• **EXERCISE REQUIREMENTS**:
Reproduce, exactly and in full, the lines from the one with "Lafayette Hill, Pennsylvania, 19444, United" through the one with "Dornbracht 11170370 Madison Lever Insert" in the data below; drop pictures.
BEGIN EXTRACTED MATERIAL
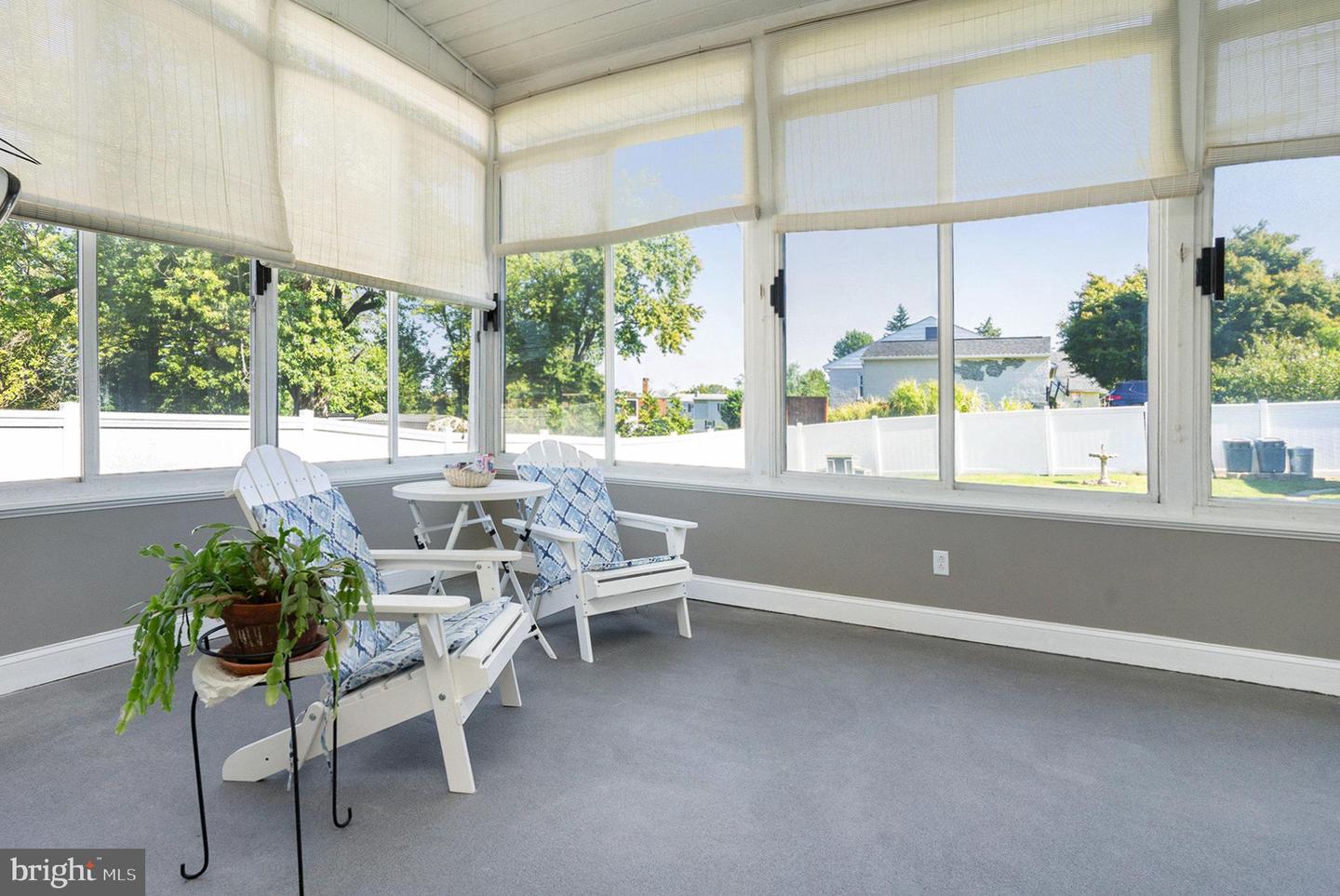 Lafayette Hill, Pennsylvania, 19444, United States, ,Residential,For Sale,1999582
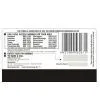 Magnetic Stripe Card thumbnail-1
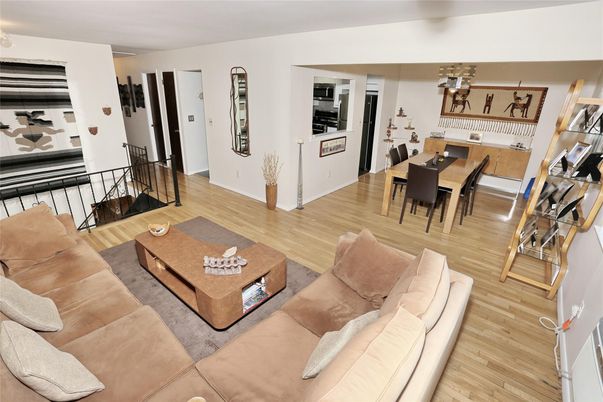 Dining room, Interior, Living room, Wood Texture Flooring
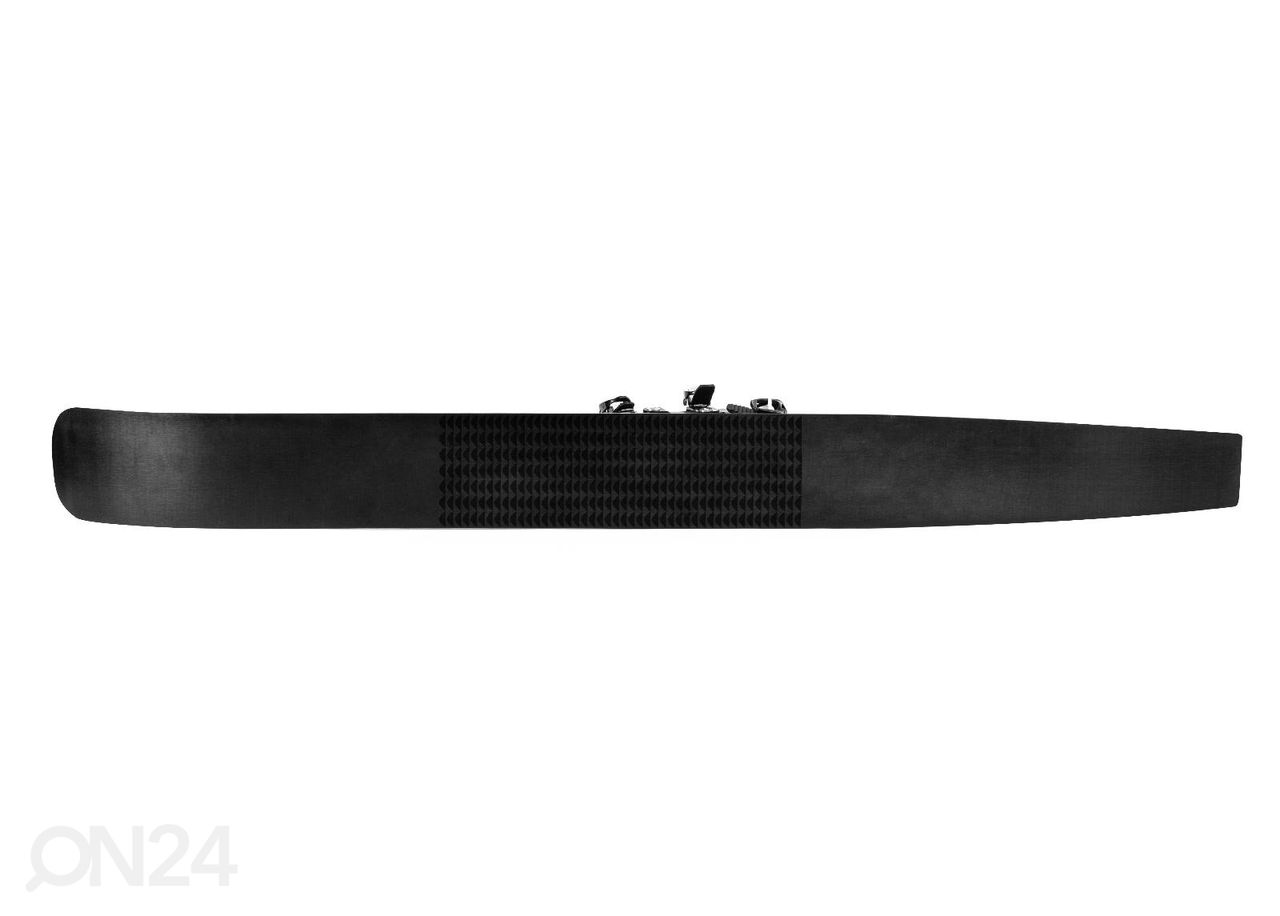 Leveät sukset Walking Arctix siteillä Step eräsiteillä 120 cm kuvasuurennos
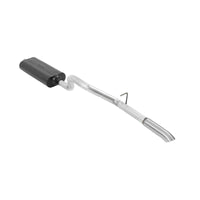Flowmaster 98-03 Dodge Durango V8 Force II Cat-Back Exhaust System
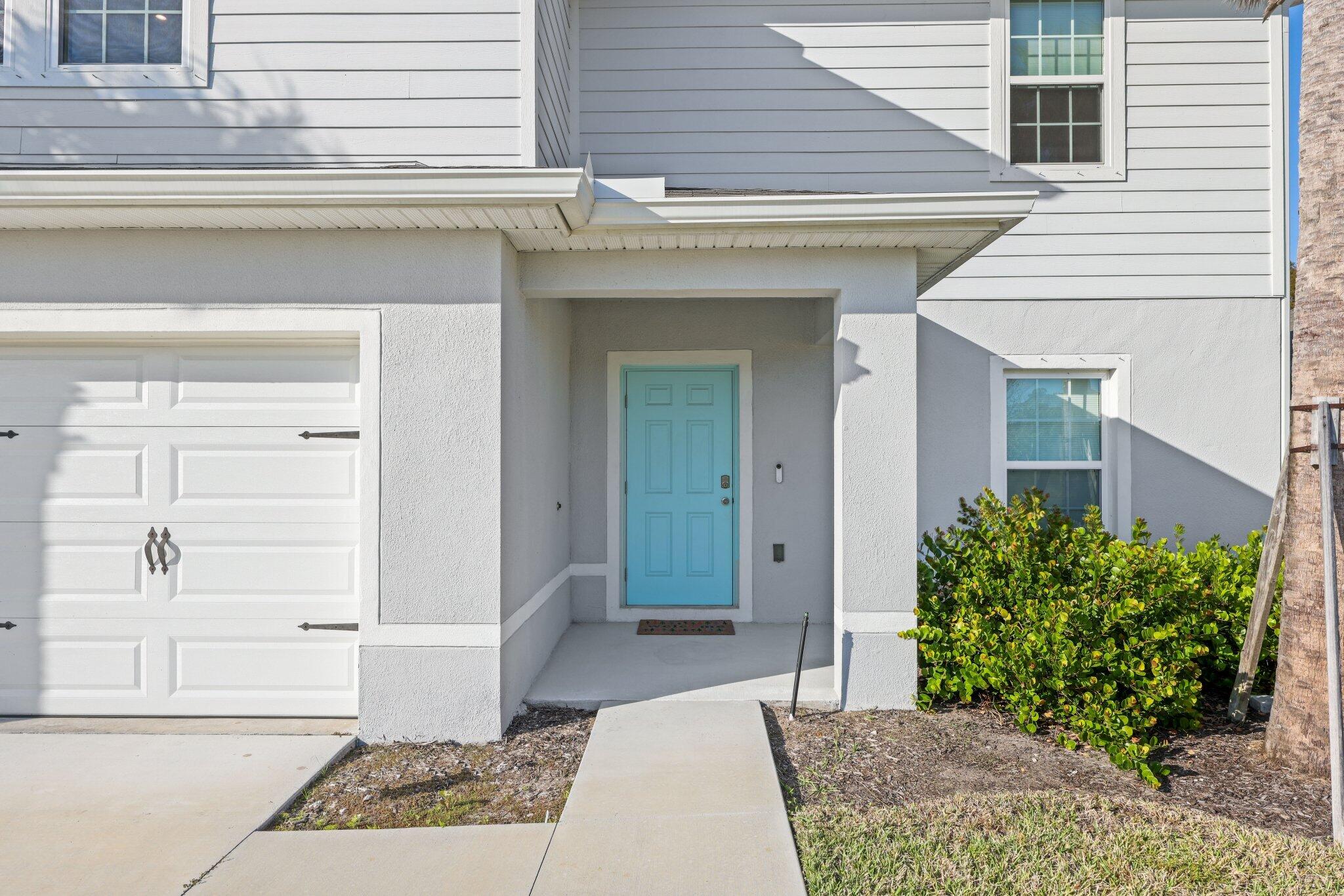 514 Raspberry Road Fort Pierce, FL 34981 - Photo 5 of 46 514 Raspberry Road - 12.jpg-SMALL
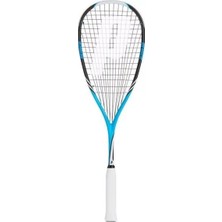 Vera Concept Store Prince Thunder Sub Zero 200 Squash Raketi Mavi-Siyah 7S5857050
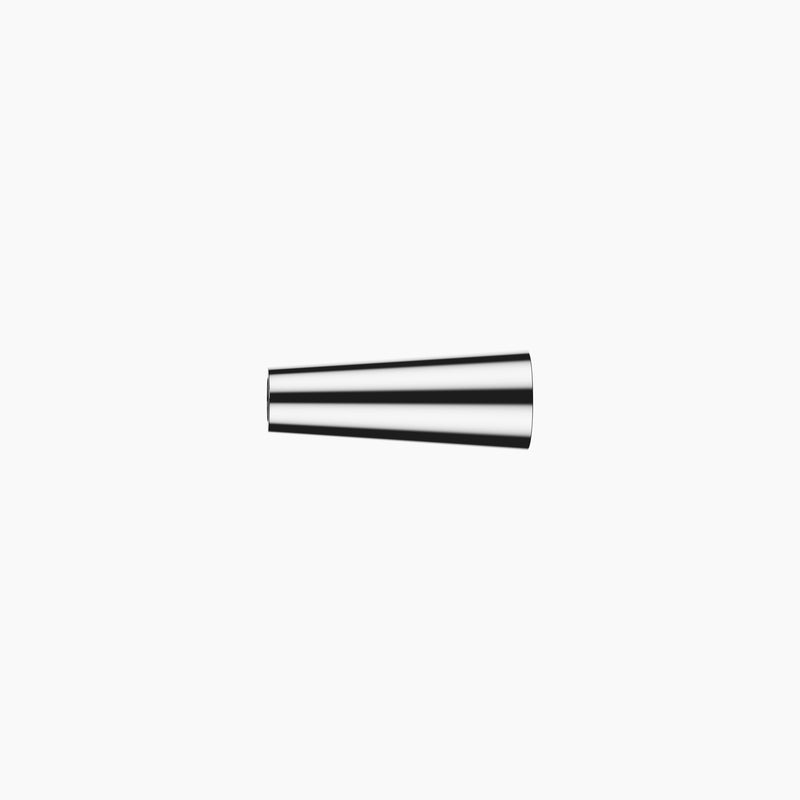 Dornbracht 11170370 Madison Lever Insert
END EXTRACTED MATERIAL
BEGIN EXTRACTED MATERIAL
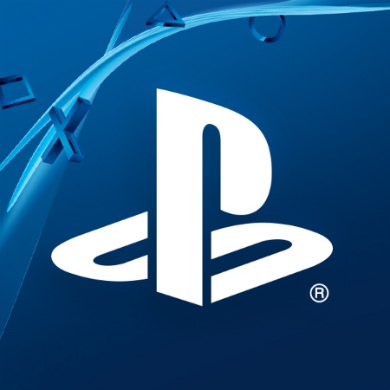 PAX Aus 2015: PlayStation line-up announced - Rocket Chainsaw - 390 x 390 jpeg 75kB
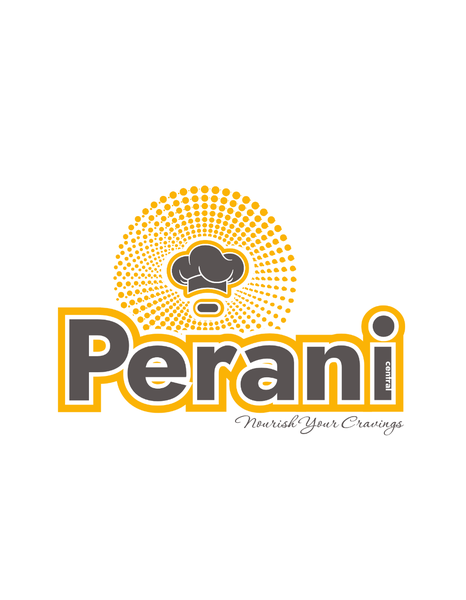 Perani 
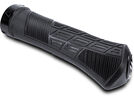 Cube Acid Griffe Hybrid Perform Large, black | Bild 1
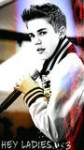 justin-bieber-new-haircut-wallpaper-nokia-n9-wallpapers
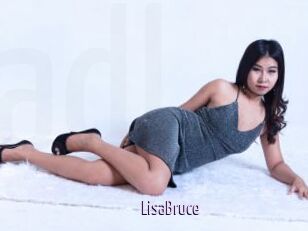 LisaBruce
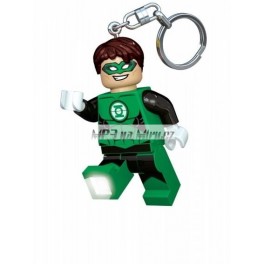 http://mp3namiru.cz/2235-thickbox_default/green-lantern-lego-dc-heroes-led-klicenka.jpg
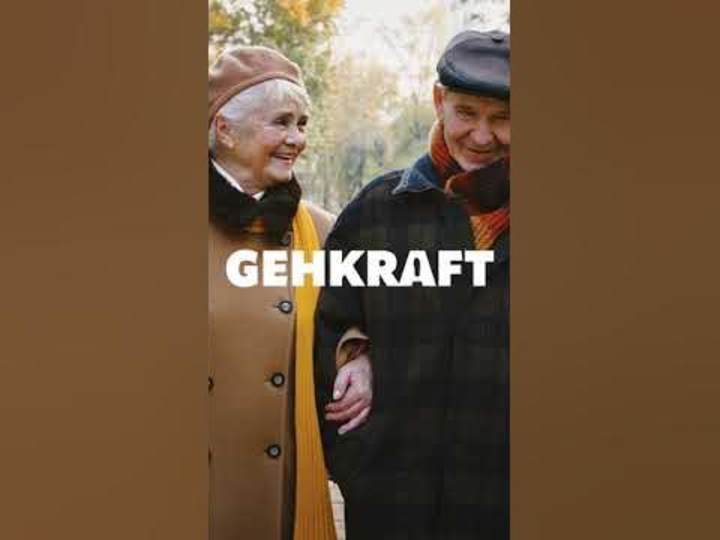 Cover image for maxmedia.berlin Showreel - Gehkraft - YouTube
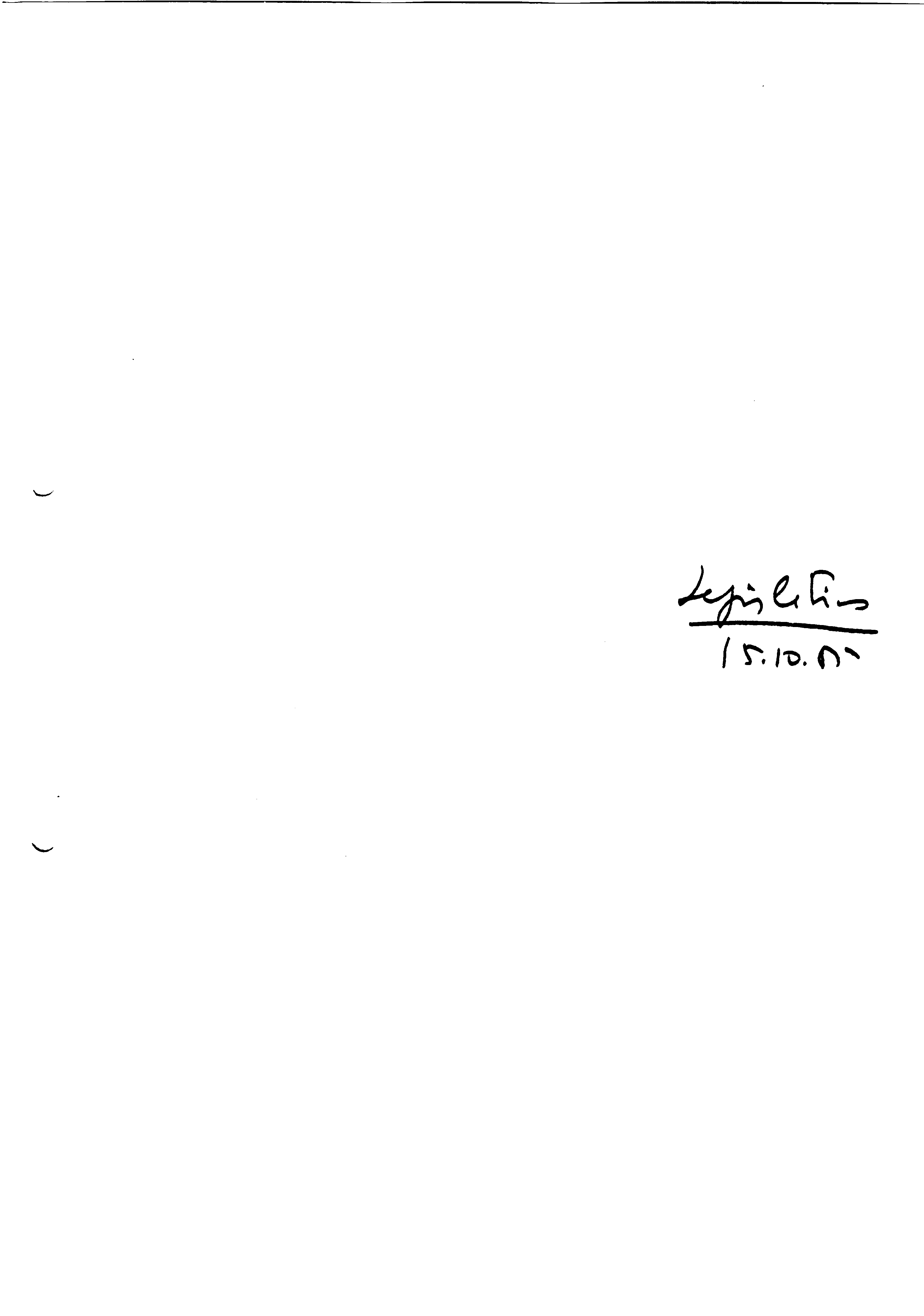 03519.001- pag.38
END EXTRACTED MATERIAL
• **SOLUTION TO THE EXERCISE**:
 Lafayette Hill, Pennsylvania, 19444, United States, ,Residential,For Sale,1999582
 Magnetic Stripe Card thumbnail-1
 Dining room, Interior, Living room, Wood Texture Flooring
 Leveät sukset Walking Arctix siteillä Step eräsiteillä 120 cm kuvasuurennos
Flowmaster 98-03 Dodge Durango V8 Force II Cat-Back Exhaust System
 514 Raspberry Road Fort Pierce, FL 34981 - Photo 5 of 46 514 Raspberry Road - 12.jpg-SMALL
 Vera Concept Store Prince Thunder Sub Zero 200 Squash Raketi Mavi-Siyah 7S5857050
 Dornbracht 11170370 Madison Lever Insert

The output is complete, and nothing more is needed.